After I transferred schools, I started going through a really hard time outside of school. A lot was going on in my life and I started to feel really lost. I had many connections throughout Greek Life on campus, and I decided to rush a Sorority. I remember sitting at info night listening to the sisters talk about how they were going through hard times when they joined and how their sisters helped them through that. I remember sitting in complete awe and excitement, because that was me. I was struggling. I thought the girls sitting in the room would become my family. I would have friends. And maybe one day, I would be sitting at info night with letters across my chest telling other girls who were rushing how the Sorority saved me. I remember crying to one of the sisters after the meeting was over, telling her how much she meant to me and how much I needed this. How much I needed her. How much I needed them.
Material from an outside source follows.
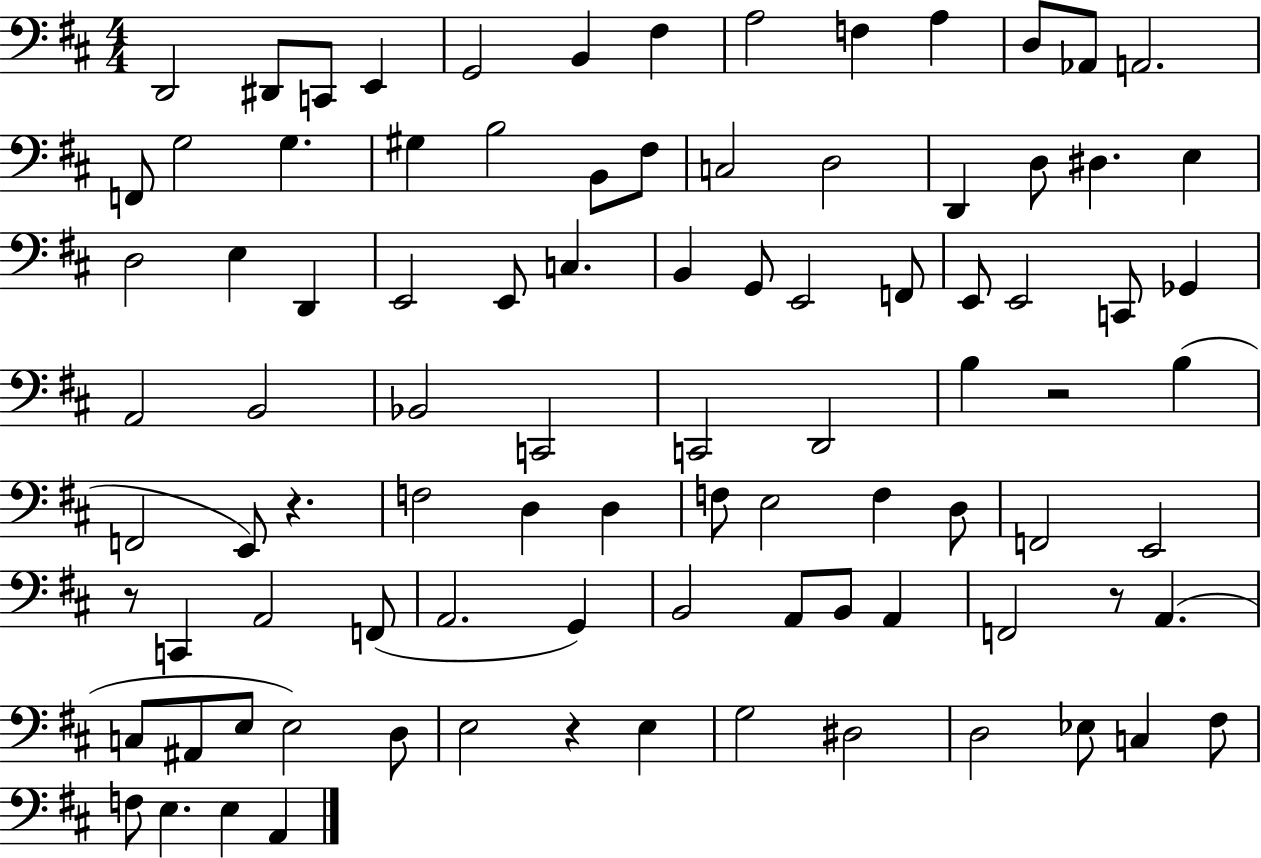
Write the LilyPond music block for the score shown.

And then, I didn't get a bid.
I needed them, but they didn't need me.
I was already going through a hard time, and then it become a spiral to hell. It was a huge group of girls I wanted to be apart of so bad, that simply just didn't want me. I began to hate myself. I cried more than I already was. I didn't sit on campus in fear of seeing one of them and bursting into tears. I simply didn't belong.
So I decided I would try for a bid again, and didn't make grades. Then took a spring semester course specifically to rush again, but then the grade requirement was raised and I didn't make it, even though I just took a class just to rush. I was a mess. And then, I realized something. God was telling me that being in Greek Life is not what I am supposed to do. Although I want to be, and I will forever regret that I'm not trying to rush again, God has told me that this is not my path.
I'll never know why I didn't get a bid, and granted this was over a year and a half ago, it still sometimes haunts me. Those sisters are still my friends, I still spend time with them, and every time I do I wonder why they wanted to be my friend but didn't want me to be their sister. But I'm not supposed to know, and honestly I don't think I want to know.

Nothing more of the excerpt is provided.